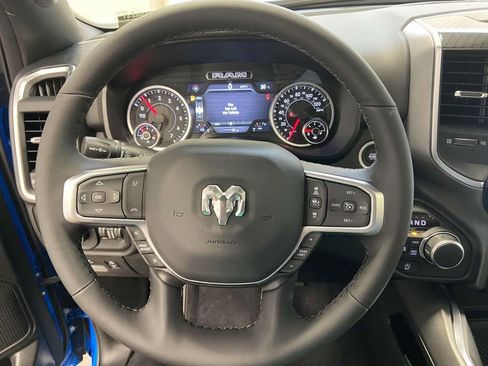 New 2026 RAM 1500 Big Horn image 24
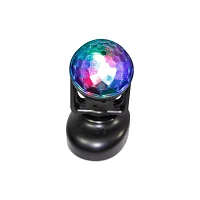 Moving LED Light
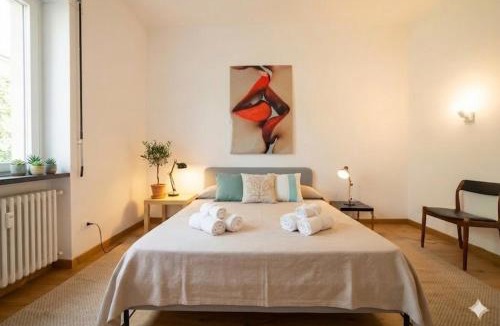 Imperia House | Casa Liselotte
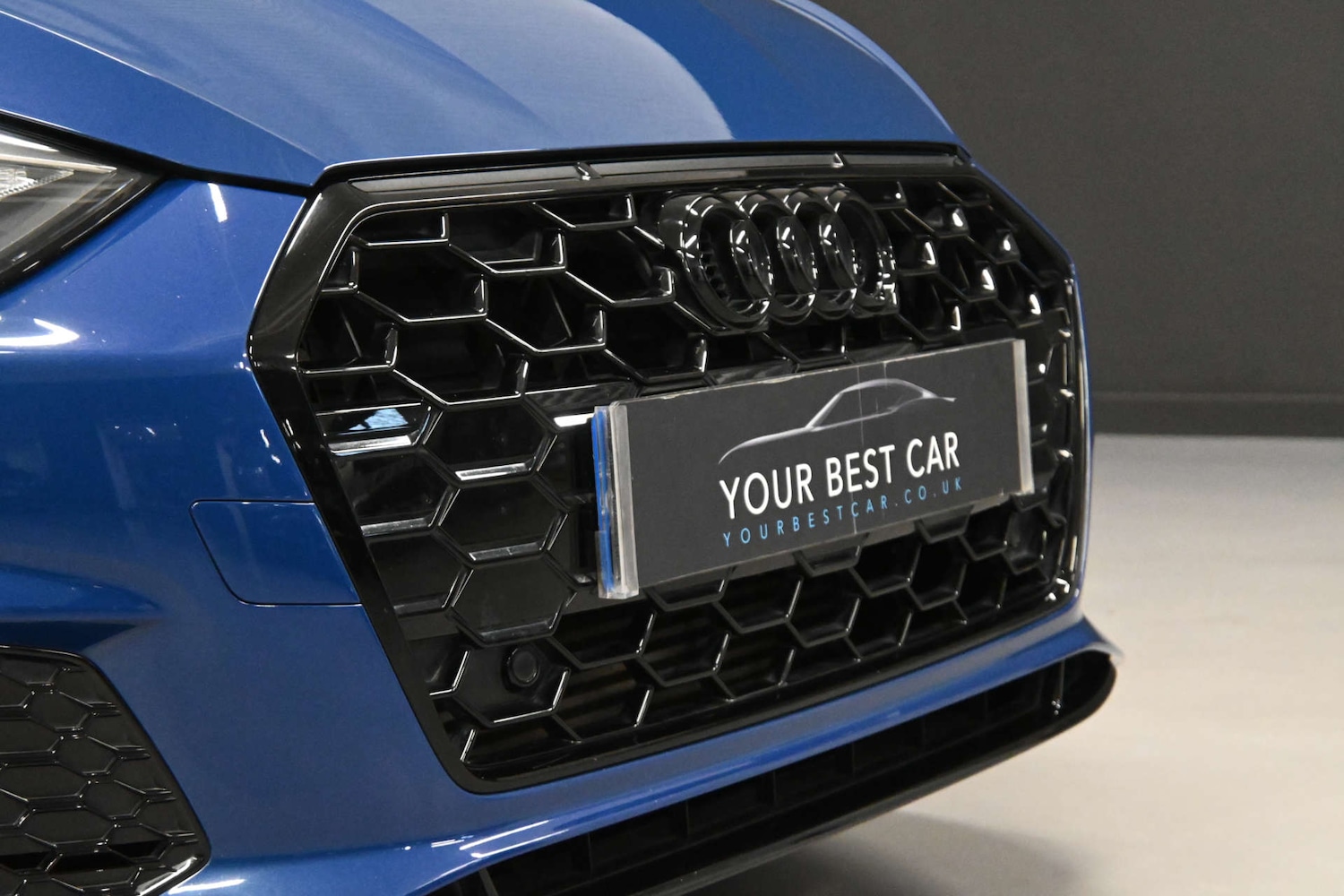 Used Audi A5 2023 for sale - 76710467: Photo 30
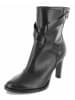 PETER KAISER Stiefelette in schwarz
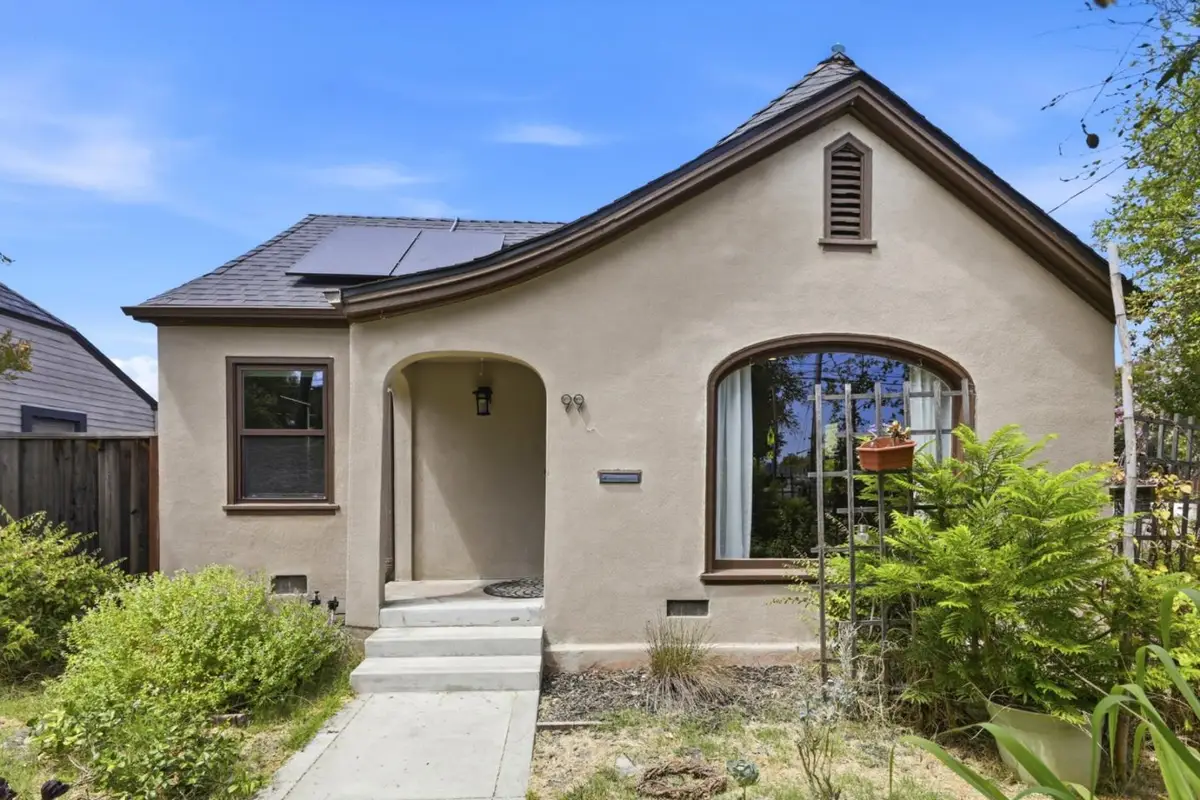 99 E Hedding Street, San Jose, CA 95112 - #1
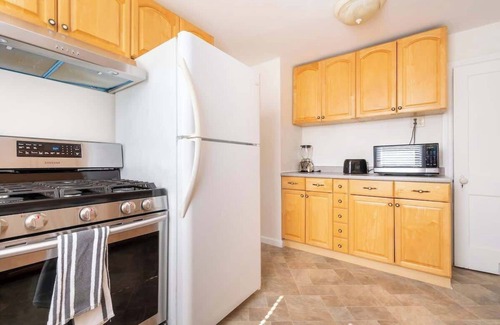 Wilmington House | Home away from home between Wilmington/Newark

→ Work request
All records should be output exactly, with the pictures left out.

→ Output for this task
 New 2026 RAM 1500 Big Horn image 24
 Moving LED Light
 Imperia House | Casa Liselotte
 Used Audi A5 2023 for sale - 76710467: Photo 30
 PETER KAISER Stiefelette in schwarz
 99 E Hedding Street, San Jose, CA 95112 - #1
 Wilmington House | Home away from home between Wilmington/Newark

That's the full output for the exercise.